----- Exercise inputs
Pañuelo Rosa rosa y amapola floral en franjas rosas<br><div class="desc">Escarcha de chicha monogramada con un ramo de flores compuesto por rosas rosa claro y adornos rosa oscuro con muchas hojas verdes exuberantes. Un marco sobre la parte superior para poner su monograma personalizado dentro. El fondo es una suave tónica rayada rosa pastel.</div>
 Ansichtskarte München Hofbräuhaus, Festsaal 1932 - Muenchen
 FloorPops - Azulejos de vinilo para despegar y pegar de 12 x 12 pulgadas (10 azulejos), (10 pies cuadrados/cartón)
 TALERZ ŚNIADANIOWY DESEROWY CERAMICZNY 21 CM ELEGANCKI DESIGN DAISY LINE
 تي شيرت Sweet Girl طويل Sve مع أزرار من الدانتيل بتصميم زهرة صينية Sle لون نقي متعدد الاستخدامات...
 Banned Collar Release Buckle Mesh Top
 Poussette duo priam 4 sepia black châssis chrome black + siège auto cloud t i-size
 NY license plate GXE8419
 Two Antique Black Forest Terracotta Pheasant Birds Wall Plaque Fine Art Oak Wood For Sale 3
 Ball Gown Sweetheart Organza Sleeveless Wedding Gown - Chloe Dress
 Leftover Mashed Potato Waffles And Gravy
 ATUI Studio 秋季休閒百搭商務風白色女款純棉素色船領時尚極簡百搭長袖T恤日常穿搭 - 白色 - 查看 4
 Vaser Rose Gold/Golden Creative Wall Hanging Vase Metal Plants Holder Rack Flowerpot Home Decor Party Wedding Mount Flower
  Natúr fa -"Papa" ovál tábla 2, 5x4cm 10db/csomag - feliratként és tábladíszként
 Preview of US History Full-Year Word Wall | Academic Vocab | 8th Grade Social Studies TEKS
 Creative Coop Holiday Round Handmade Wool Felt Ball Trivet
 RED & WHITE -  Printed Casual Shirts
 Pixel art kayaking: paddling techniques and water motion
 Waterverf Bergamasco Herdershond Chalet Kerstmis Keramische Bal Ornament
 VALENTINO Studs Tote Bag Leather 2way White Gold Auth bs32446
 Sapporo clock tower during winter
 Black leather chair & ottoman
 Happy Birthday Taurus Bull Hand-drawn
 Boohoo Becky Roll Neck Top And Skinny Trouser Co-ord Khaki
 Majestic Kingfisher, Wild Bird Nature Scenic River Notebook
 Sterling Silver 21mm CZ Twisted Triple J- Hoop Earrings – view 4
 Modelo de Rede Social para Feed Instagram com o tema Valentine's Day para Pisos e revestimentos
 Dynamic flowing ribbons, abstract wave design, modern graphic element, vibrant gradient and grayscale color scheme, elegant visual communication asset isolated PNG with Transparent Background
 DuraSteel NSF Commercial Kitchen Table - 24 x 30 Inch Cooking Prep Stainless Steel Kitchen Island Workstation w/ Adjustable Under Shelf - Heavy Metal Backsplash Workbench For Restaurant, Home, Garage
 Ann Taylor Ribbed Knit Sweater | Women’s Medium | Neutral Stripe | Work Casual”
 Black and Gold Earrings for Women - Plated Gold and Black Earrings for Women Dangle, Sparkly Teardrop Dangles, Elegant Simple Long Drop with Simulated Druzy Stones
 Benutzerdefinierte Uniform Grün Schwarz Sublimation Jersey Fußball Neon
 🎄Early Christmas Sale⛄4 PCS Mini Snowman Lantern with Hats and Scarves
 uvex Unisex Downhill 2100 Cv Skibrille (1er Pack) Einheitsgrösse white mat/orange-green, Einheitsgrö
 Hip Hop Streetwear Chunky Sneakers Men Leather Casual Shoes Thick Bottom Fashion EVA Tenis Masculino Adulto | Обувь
----------
# [Your goal]
The answer should consist of the lines from the one with "uvex Unisex Downhill" through the last line of the entries, duplicated exactly and nothing more.

# [Expected answer]
 uvex Unisex Downhill 2100 Cv Skibrille (1er Pack) Einheitsgrösse white mat/orange-green, Einheitsgrö
 Hip Hop Streetwear Chunky Sneakers Men Leather Casual Shoes Thick Bottom Fashion EVA Tenis Masculino Adulto | Обувь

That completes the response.